7. Também não se sustentam as razões apresentadas para o
veto ao artigo 7º da Lei, que não se constitui em uma inovação no direito
brasileiro, porquanto a doutrina e a jurisprudência nacionais já reputassem que
a inflação, a variação cambial, a desvalorização da moeda, etc., não
representam qualquer novidade na história brasileira recente. O caput do art.
7º, portanto, apenas reconhece tais realidades, que se constituem em fatos
previsíveis para a pessoa razoável. Some-se a isto a ressalva necessária
prevista nos §§ 1º e 2º do art. 7º, no sentido de excluir os contratos de
locação de imóveis urbanos e os contratos de consumo do alcance da Lei sob
análise, de modo que a revisão de tais espécies contratuais não devem se
submeter às regras próprias do Regime Jurídico Emergencial e Transitório das relações
jurídicas de Direito Privado. A manutenção do veto ao art. 7º não é bem-vinda,
a medida em que gera dúvidas quanto ao alcance da lei.
8. Em relação ao veto ao art. 9º, a Presidência da República
assevera que tal medida se justifica em razão da preservação do interesse
público, pois a suspensão de um dos expedientes de execução do contrato de
locação por prazo relativamente longo caracterizaria uma proteção excessiva ao
inquilino, em prejuízo do locador; além de configurar incentivo a inadimplência.
Mais uma vez, o veto não se justifica. O impedimento temporário da concessão de
liminares de despejo não inviabiliza o recurso a outros meios de execução dos
contratos de locação, a exemplo da penhora em dinheiro, protesto judicial e da
utilização de medida executivas atípicas. Ademais, considerar que tal medida se
constitui em um estímulo a inadimplência parece presumir a má-fé dos
inquilinos, o que se constitui em um preconceito infundado, que não encontra
respaldo na realidade. O veto a tal dispositivo deve ser revisto, em nosso
entender, tendo em vista a necessidade de cooperação para a efetividade das
medidas de isolamento social durante o período da pandemia.
9. No que diz respeito as razões do veto ao art. 11, a
Presidência da República alega que tais medidas explicitadas no dispositivo
vetado retirariam a autonomia e a necessidade de deliberações por assembleia,
restringindo a vontade coletiva dos condôminos. Parece-nos que tais razões
também não encontram apoio na boa dogmática jurídica, que considera que o
exercício do direito de propriedade deve ser limitado pelo bem comum.
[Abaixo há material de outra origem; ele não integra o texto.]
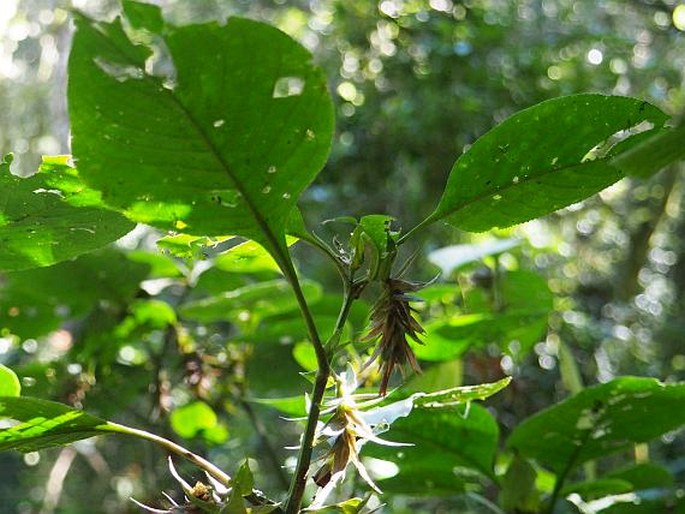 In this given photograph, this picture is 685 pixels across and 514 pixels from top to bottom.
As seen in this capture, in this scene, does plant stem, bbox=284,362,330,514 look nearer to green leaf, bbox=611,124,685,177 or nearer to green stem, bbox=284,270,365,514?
green stem, bbox=284,270,365,514

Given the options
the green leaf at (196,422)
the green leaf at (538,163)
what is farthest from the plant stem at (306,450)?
the green leaf at (196,422)

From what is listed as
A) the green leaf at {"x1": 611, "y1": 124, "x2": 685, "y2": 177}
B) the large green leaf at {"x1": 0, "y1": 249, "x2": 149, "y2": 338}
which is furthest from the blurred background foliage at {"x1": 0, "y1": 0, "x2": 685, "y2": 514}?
the green leaf at {"x1": 611, "y1": 124, "x2": 685, "y2": 177}

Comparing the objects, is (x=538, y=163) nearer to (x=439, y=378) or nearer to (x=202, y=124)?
(x=202, y=124)

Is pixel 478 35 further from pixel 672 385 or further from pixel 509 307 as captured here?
pixel 672 385

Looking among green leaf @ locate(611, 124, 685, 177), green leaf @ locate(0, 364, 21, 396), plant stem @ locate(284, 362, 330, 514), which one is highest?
green leaf @ locate(611, 124, 685, 177)

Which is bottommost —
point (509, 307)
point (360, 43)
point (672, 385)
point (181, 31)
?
point (360, 43)

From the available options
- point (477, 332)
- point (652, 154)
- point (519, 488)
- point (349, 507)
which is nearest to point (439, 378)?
point (477, 332)

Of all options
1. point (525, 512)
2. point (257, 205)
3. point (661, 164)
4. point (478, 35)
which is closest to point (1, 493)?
point (478, 35) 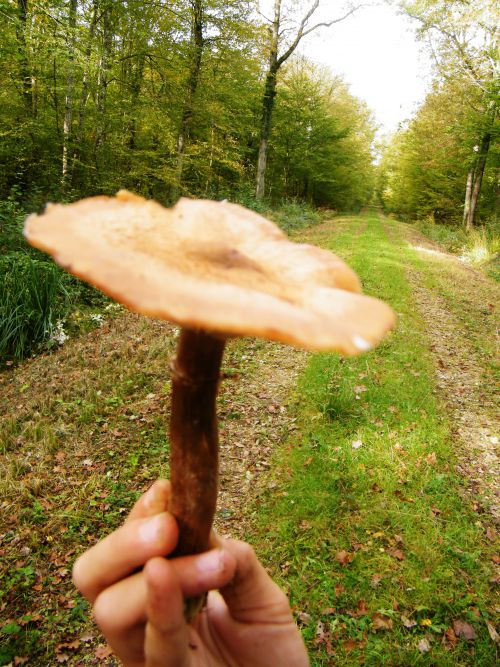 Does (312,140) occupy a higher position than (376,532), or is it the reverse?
(312,140)

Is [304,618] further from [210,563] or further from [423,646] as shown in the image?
[210,563]

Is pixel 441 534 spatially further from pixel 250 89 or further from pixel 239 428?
pixel 250 89

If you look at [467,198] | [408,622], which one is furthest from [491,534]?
[467,198]

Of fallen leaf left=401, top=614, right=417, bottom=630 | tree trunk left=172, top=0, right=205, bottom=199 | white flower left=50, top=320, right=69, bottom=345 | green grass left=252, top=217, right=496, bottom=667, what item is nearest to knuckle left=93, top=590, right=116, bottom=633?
green grass left=252, top=217, right=496, bottom=667

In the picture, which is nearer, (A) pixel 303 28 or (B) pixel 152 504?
(B) pixel 152 504

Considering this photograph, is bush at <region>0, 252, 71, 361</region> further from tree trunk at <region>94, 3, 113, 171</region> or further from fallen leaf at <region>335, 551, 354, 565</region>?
fallen leaf at <region>335, 551, 354, 565</region>

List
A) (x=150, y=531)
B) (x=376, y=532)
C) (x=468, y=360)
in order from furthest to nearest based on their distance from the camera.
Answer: (x=468, y=360), (x=376, y=532), (x=150, y=531)

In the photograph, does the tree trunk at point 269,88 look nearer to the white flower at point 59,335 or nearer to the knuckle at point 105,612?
the white flower at point 59,335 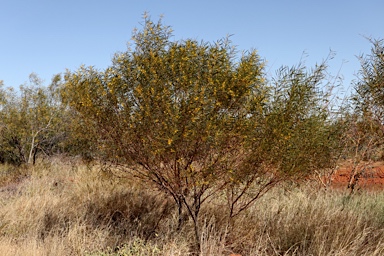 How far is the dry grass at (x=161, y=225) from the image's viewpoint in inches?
259

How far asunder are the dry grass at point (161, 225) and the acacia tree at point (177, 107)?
90 cm

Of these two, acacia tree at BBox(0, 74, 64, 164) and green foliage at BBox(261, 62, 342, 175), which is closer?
green foliage at BBox(261, 62, 342, 175)

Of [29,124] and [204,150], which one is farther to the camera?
[29,124]

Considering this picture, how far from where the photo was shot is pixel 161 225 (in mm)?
8164

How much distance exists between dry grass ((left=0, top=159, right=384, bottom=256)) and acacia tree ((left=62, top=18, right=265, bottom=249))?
903mm

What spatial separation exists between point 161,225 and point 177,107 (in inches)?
120

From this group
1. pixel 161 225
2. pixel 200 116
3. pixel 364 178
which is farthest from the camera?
pixel 364 178

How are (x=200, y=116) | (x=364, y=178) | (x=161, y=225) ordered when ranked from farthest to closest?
(x=364, y=178) → (x=161, y=225) → (x=200, y=116)

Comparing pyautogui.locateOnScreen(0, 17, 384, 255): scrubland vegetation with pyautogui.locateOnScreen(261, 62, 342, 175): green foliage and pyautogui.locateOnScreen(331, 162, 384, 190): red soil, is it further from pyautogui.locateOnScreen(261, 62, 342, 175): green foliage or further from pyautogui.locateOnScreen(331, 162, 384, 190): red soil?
pyautogui.locateOnScreen(331, 162, 384, 190): red soil

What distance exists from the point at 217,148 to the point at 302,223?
2.40 meters

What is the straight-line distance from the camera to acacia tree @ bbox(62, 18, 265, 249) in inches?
240

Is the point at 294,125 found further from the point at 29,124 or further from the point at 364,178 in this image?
the point at 29,124

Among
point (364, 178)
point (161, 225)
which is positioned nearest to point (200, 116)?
point (161, 225)

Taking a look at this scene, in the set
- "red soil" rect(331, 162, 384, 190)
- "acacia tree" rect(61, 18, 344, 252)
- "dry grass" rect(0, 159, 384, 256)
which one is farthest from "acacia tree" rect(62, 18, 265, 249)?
"red soil" rect(331, 162, 384, 190) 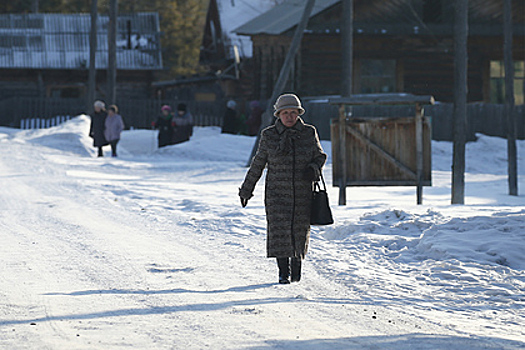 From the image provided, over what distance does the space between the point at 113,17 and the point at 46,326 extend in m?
29.0

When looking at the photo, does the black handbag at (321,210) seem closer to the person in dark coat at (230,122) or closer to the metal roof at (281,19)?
the person in dark coat at (230,122)

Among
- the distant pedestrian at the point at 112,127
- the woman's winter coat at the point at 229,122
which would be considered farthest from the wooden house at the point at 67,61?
the distant pedestrian at the point at 112,127

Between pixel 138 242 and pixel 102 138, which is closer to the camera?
pixel 138 242

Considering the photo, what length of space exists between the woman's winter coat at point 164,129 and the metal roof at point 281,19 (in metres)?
7.22

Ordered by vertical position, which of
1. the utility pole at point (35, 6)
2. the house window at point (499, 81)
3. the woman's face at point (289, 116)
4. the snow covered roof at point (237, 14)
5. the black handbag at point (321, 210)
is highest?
the utility pole at point (35, 6)

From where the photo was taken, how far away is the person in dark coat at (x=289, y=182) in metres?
7.77

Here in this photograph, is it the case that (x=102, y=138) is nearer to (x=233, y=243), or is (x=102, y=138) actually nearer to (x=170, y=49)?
(x=233, y=243)

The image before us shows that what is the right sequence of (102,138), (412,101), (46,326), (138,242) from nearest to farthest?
(46,326), (138,242), (412,101), (102,138)

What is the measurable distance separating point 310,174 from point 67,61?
40431mm

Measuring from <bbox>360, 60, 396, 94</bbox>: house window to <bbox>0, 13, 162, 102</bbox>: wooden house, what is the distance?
571 inches

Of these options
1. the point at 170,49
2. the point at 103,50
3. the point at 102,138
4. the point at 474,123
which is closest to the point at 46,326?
the point at 102,138

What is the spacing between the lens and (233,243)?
10.1 m

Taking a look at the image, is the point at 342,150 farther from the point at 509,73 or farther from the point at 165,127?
the point at 165,127

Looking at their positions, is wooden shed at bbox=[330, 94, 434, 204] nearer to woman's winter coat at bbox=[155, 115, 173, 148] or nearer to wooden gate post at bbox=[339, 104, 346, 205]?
wooden gate post at bbox=[339, 104, 346, 205] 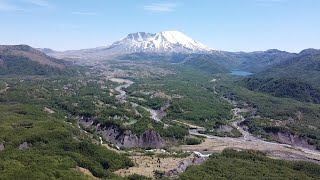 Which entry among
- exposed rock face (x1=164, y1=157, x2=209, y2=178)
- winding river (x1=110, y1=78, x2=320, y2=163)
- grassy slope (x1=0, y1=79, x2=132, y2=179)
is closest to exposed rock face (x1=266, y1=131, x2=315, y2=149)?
winding river (x1=110, y1=78, x2=320, y2=163)

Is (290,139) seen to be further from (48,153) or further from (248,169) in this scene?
(48,153)

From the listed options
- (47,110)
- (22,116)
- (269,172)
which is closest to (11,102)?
(47,110)

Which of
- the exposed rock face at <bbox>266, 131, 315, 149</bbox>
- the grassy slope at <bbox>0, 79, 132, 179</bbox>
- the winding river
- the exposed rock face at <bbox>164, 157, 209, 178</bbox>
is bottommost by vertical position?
the exposed rock face at <bbox>266, 131, 315, 149</bbox>

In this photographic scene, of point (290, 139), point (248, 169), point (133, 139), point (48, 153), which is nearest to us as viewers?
point (248, 169)

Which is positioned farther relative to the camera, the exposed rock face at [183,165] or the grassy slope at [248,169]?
the exposed rock face at [183,165]

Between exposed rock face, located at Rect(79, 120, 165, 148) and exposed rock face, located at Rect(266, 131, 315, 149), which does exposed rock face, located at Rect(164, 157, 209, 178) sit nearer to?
exposed rock face, located at Rect(79, 120, 165, 148)

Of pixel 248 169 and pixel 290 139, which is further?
pixel 290 139

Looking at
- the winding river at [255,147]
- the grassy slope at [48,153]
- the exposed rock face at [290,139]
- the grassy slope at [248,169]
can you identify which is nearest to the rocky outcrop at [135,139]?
the winding river at [255,147]

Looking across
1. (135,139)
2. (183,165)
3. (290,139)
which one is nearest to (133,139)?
(135,139)

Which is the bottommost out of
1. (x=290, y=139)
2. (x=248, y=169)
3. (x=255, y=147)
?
(x=290, y=139)

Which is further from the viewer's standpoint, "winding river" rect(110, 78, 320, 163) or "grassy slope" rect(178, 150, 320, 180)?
"winding river" rect(110, 78, 320, 163)

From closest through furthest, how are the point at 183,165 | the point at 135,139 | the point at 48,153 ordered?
the point at 183,165 → the point at 48,153 → the point at 135,139

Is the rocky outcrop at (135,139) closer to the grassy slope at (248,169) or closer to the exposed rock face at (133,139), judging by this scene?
the exposed rock face at (133,139) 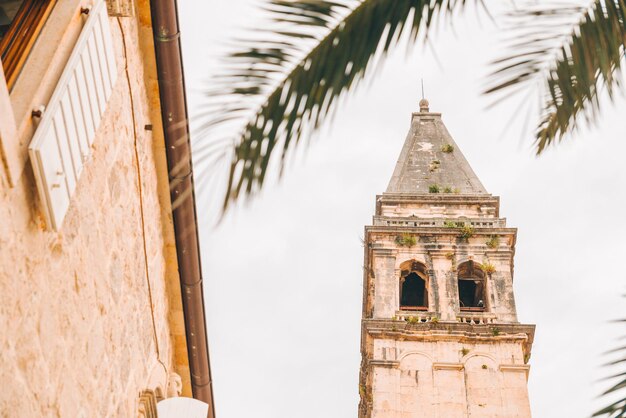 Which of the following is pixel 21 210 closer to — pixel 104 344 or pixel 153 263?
pixel 104 344

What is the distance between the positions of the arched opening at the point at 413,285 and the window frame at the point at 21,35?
20.9m

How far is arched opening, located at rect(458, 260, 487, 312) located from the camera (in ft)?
82.6

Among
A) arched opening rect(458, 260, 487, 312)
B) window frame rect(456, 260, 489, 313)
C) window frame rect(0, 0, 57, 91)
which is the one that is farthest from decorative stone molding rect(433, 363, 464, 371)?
window frame rect(0, 0, 57, 91)

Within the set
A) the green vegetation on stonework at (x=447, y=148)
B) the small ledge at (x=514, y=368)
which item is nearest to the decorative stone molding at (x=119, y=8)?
the small ledge at (x=514, y=368)

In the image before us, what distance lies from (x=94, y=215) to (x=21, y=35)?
1.17m

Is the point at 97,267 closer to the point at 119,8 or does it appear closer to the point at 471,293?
the point at 119,8

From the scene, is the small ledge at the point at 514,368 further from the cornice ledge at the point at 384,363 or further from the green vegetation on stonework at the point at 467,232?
the green vegetation on stonework at the point at 467,232

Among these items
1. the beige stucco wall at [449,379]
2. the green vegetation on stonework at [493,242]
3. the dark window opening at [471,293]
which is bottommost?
the beige stucco wall at [449,379]

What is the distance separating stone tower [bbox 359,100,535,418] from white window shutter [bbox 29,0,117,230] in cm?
1783

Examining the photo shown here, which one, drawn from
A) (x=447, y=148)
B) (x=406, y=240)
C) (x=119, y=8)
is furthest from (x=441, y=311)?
(x=119, y=8)

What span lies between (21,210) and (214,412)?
5.31 meters

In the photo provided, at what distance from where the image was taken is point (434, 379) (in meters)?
22.8

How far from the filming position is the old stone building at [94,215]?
4184 millimetres

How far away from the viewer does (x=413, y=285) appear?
26141mm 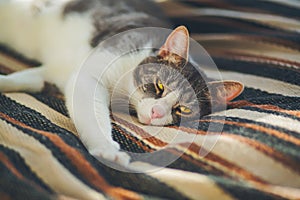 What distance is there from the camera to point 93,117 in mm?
1152

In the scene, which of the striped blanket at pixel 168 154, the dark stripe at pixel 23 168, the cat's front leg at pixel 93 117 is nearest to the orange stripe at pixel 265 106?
the striped blanket at pixel 168 154

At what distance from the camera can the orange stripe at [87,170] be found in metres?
0.90

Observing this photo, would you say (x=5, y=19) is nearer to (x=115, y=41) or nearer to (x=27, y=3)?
(x=27, y=3)

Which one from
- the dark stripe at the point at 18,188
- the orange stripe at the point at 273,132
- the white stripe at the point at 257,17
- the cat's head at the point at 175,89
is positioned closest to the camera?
the dark stripe at the point at 18,188

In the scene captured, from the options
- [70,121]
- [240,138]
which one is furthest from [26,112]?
[240,138]

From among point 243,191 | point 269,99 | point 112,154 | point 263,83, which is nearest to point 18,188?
point 112,154

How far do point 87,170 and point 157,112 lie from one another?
1.03 feet

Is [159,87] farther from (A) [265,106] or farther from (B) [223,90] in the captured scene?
(A) [265,106]

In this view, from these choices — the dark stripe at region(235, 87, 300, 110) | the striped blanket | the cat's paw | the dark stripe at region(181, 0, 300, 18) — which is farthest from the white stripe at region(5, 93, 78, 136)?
the dark stripe at region(181, 0, 300, 18)

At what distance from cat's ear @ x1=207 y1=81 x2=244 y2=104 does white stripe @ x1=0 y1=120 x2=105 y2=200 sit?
494mm

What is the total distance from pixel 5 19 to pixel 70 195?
0.96 metres

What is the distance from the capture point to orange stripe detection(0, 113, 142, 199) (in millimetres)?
902

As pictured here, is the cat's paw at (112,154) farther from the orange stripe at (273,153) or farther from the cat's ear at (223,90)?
the cat's ear at (223,90)

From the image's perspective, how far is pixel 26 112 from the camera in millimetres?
1139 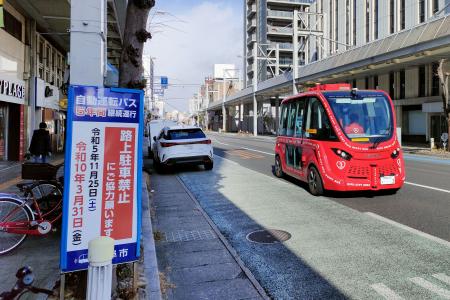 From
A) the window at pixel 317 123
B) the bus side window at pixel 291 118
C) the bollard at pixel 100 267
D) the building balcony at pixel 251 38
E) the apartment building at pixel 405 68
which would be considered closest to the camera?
the bollard at pixel 100 267

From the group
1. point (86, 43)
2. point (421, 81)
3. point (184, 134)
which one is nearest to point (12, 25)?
point (184, 134)

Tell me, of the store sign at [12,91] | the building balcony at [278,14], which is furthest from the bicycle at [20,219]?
the building balcony at [278,14]

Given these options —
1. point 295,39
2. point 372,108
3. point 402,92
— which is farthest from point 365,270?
point 295,39

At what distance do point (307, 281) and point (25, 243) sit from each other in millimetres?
3791

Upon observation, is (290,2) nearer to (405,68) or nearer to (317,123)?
(405,68)

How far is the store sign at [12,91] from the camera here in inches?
560

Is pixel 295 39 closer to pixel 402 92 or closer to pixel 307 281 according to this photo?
pixel 402 92

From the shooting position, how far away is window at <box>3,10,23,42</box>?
48.5ft

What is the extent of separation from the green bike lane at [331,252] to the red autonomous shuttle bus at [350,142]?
0.72m

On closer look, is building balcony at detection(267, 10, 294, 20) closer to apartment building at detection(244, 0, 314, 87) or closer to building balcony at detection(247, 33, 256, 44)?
apartment building at detection(244, 0, 314, 87)

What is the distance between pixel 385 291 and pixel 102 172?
299 cm

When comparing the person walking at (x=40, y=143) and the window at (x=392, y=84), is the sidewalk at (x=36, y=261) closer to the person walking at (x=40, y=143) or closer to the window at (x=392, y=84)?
the person walking at (x=40, y=143)

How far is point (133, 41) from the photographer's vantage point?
4434 millimetres

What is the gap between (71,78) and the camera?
5477 mm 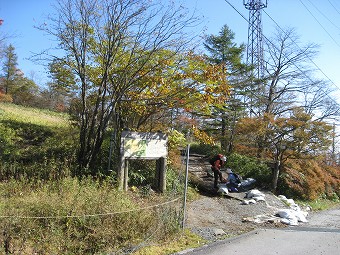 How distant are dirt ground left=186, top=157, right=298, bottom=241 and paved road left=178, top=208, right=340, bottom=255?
44cm

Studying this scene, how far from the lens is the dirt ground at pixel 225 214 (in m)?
7.61

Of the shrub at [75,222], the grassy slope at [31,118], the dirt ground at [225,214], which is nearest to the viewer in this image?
the shrub at [75,222]

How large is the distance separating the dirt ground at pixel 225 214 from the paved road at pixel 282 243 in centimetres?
44

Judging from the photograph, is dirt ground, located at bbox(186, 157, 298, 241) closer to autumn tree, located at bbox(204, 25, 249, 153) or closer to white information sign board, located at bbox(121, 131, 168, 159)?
white information sign board, located at bbox(121, 131, 168, 159)

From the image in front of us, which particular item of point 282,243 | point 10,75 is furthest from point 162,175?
point 10,75

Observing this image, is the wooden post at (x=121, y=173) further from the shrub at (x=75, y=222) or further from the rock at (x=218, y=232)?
the rock at (x=218, y=232)

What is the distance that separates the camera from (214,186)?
11.9 meters

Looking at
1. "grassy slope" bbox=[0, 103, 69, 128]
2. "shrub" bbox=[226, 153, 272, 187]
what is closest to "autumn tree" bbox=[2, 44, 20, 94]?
"grassy slope" bbox=[0, 103, 69, 128]

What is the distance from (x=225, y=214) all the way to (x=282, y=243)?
8.62ft

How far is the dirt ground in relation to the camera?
761 cm

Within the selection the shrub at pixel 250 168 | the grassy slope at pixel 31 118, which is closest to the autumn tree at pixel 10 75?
the grassy slope at pixel 31 118

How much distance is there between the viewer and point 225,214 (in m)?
9.35

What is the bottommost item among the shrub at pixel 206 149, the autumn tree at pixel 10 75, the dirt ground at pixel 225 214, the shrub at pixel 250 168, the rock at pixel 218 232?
the dirt ground at pixel 225 214

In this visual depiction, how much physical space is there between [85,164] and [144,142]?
183 cm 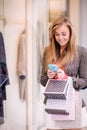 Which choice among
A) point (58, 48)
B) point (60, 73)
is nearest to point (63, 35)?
point (58, 48)

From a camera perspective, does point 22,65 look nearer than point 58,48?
No

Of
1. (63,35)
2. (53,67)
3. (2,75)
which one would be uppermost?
(63,35)

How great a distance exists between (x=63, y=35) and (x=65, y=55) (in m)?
0.10

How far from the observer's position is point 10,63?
1549 millimetres

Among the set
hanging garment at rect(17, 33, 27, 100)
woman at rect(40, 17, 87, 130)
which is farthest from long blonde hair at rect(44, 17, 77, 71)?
hanging garment at rect(17, 33, 27, 100)

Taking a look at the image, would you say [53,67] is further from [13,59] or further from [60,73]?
[13,59]

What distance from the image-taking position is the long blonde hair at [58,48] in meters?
1.24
Tendo em
vista as circunstâncias excepcionais da pandemia e a necessidade de isolamento
social, o dispositivo em questão apenas explicita alguns dos deveres dos
condôminos, positivados no art. 1.336 do Código Civil: “Art. 1.336. São deveres
do condômino: II - não realizar obras que comprometam a segurança da
edificação; IV - dar às suas partes a mesma destinação que tem a edificação, e
não as utilizar de maneira prejudicial ao sossego, salubridade e segurança dos
possuidores, ou aos bons costumes”. Ora, o ingresso indiscriminado e a
circulação irrestrita de pessoas estranhas ao condomínio podem colocar em risco
a saúde e a segurança dos condôminos, o que justifica a adoção das medidas
temporárias e excepcionais pelo síndico nos termos do art. 11 da Lei da lei em
questão.
10. Ademais, não se pode olvidar que tais disposições foram
aprovadas unanimemente pelo Senado Federal e pela Câmara dos Deputados, após
ampla escuta da comunidade jurídica e do Governo Federal. Rogamos para que tais
vetos sejam rejeitados pelo Poder Legislativo Federal, a fim de proporcionar ao
Povo brasileiro um conjunto de medidas jurídicas adequadas ao enfrentamento dos
problemas que afetam a população neste período de pandemia do coronavírus.